Sweet 16 and never been missed: UArizona women break out of anonymity, advance in NCAA Tournament

The Arizona women’s basketball team celebrates after a victory over BYU that advanced the Wildcats to the Sweet 16. (Photo courtesy Arizona Athletics)

On March 15, 1998, senior Adia Barnes scored 30 points in an NCAA Tournament game against Virginia to advance Arizona to its first Sweet 16 in school history.

Twenty-three years and only five NCAA Tournament appearances later, now-Coach Barnes and her Arizona women’s basketball team is headed back to the Sweet 16 for the second time after a 52-46 victory over Brigham Young on Wednesday.

In 2021, it’s another Arizona senior that’s leading the charge in March.

“It’s always McDonald time,” Barnes said.

Guard Aari McDonald scored 17 points and led a late Arizona run to survive against 11-seed BYU and advance to the second week of the tournament. McDonald capped it off with a steal and a fastbreak layup to seal the game with only a few seconds left.

“In the second half, I had to tell myself, ‘Hey, you’ve got to take it personal. (BYU’s Shaylee Gonzales) is not going to score on you. Don’t even let her touch the ball,’” McDonald said. “I really wanted the game. I knew my teammates did, and my coaches, so I had to buckle down and take pride.”

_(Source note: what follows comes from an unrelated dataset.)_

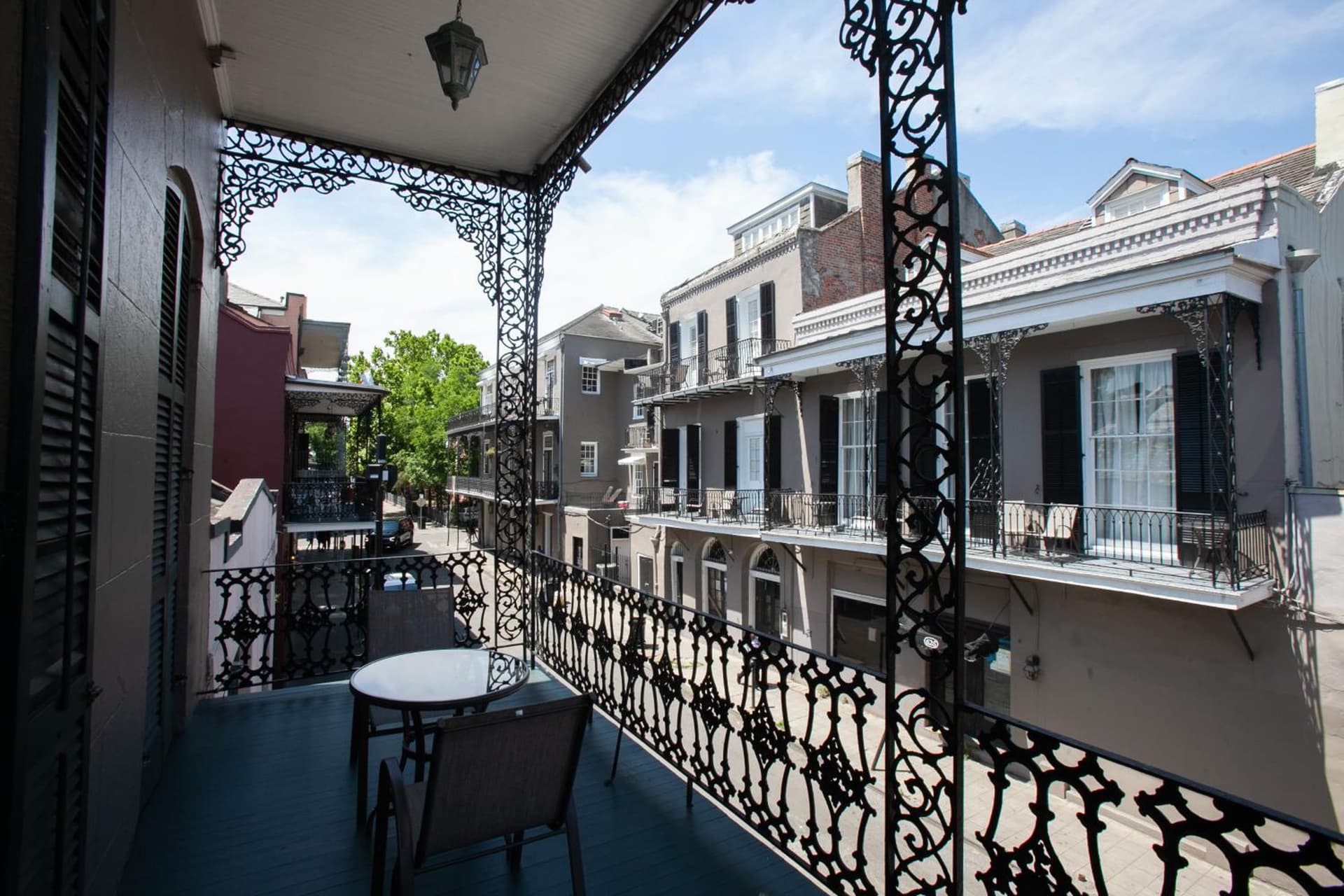 Chateau Hotel gallery photo in New Orleans, LA — image 19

McDonald’s career at Arizona has included many accolades, including being named an Associated Press All-American three times and also this season’s Pac-12 Player and Defensive Player of the Year. She is the first Conference Player of the Year from UArizona since, you guessed it, Barnes in 1998.

Not only was Wednesday’s game a landmark win for the Arizona program, but it ensures McDonald’s college career will last at least a few more days.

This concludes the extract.